Exercise aim: Beginning at the line that holds "Scopri amsterdam con", transcribe each line exactly through the end of the records, and leave any pictures out.

Scraped caption text data:
* * * * * * * * *
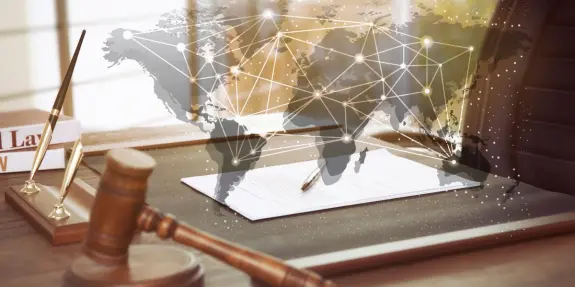 A gavel and legal documents on a desk, overlaid with a world map and network connections, symbolizing global law.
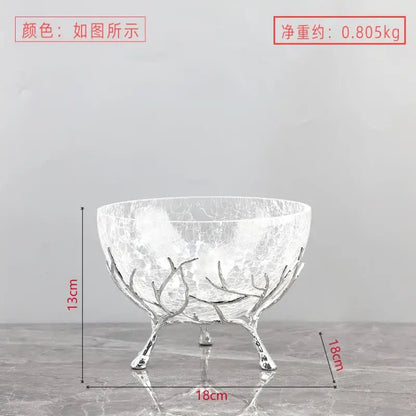 A clear crackled glass fruit plate with a silver-toned antler metal base dining room centerpiece bowl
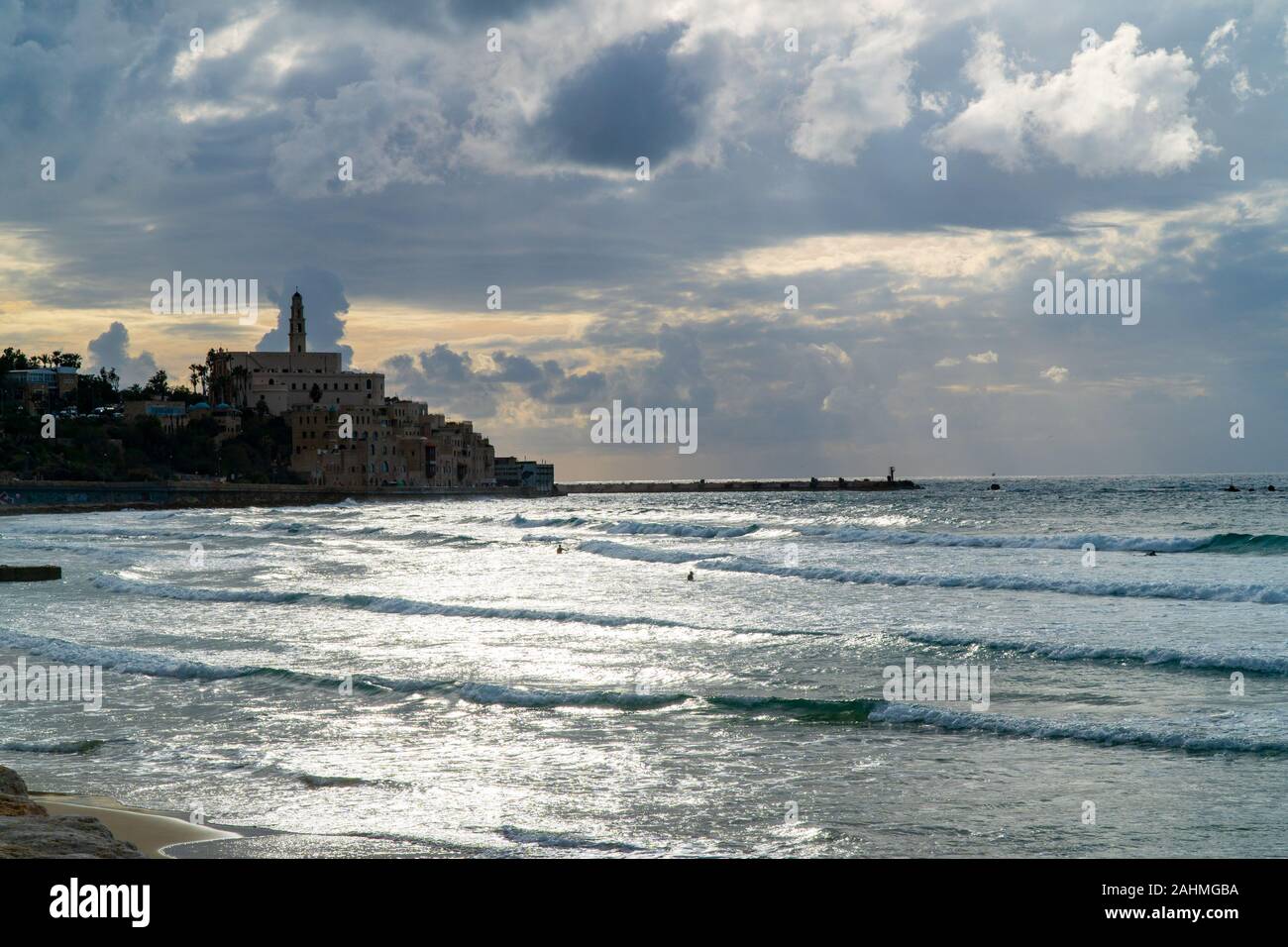 Israel, Tel Aviv, Jaffa, The silhouette of the Old Jaffa and the entrance to the port at sunset Stock Photo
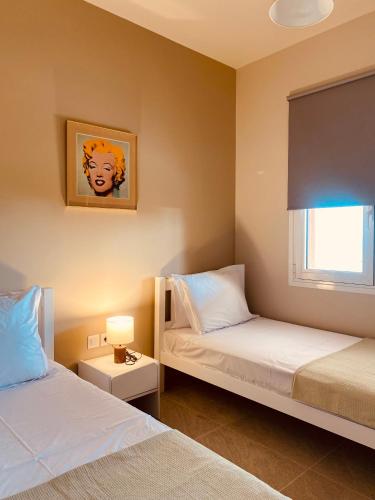 a bedroom with two beds and a window at Villa Banana in Lourdata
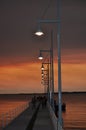 Jetty with lights and fishermen at sunset Perth Rockingham Western Australia Royalty Free Stock Photo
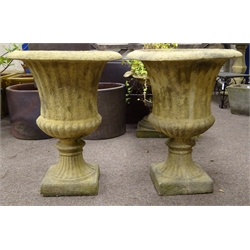  Pair of composite stone Campana shaped urns, reed and gardroon moulded bodies, on square section base, D59cm, H75cm  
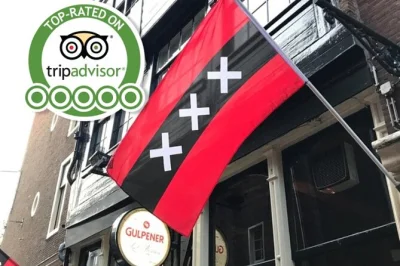 Scopri amsterdam con una guida locale in un tour a piedi privato tra canali, quartiere a luci rosse, piazza dam e cortili nascosti. incluso il trasferimento dall’hotel.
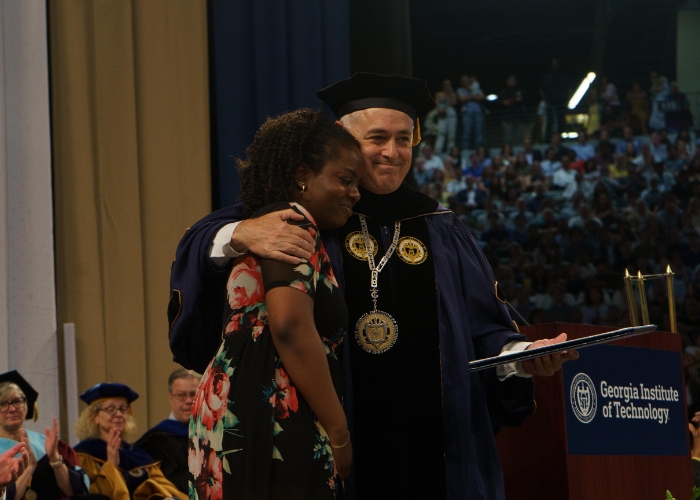 Cabrera presenting degree to the mother of a student who passed away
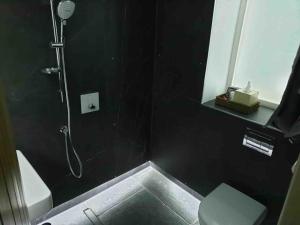 bagno nero con doccia e servizi igienici di Luxury Barn Conversion at Rudding a Harrogate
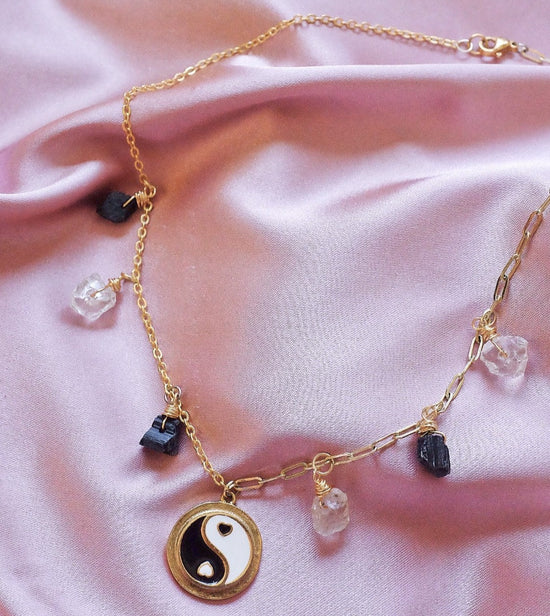 Gold choker necklace with half cable chain, half paper clip chain, and alternating black tourmaline and clear quartz mini crystals and a yin yang charm in the center
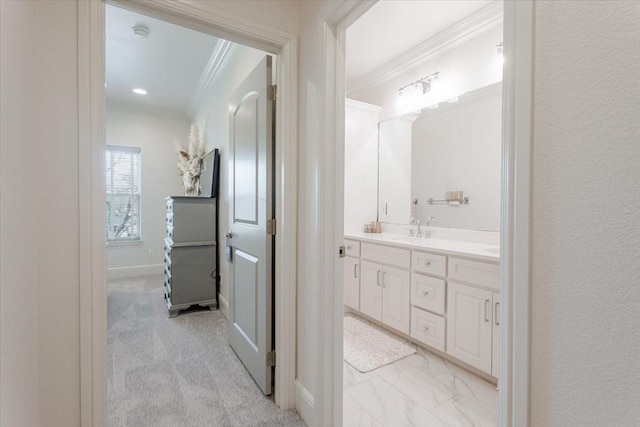 bathroom featuring marble finish floor, a sink, crown molding, double vanity, and baseboards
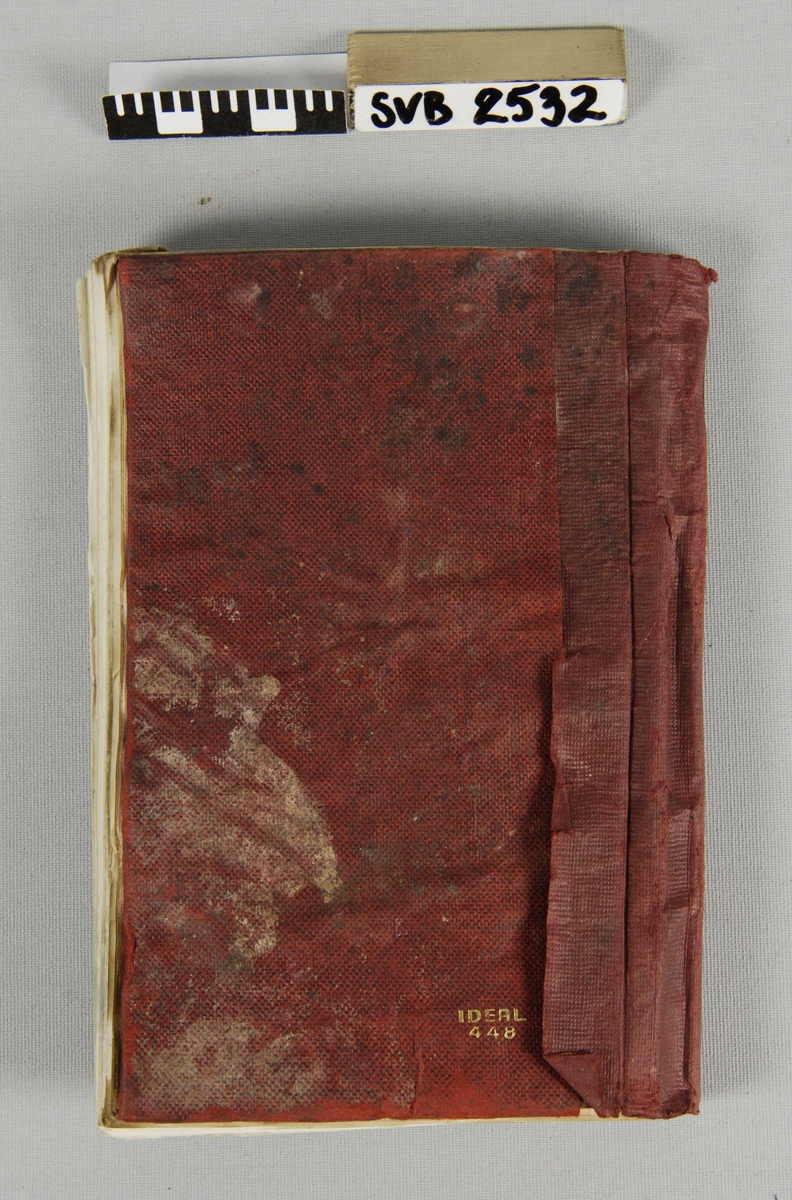 Linjert notatbok med omslag og rygg av rødt papir. Ryggen har løsnet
* * * * * * * * *
Output below:
 Scopri amsterdam con una guida locale in un tour a piedi privato tra canali, quartiere a luci rosse, piazza dam e cortili nascosti. incluso il trasferimento dall’hotel.
 Cabrera presenting degree to the mother of a student who passed away
 bagno nero con doccia e servizi igienici di Luxury Barn Conversion at Rudding a Harrogate
 Gold choker necklace with half cable chain, half paper clip chain, and alternating black tourmaline and clear quartz mini crystals and a yin yang charm in the center
 bathroom featuring marble finish floor, a sink, crown molding, double vanity, and baseboards
 Linjert notatbok med omslag og rygg av rødt papir. Ryggen har løsnet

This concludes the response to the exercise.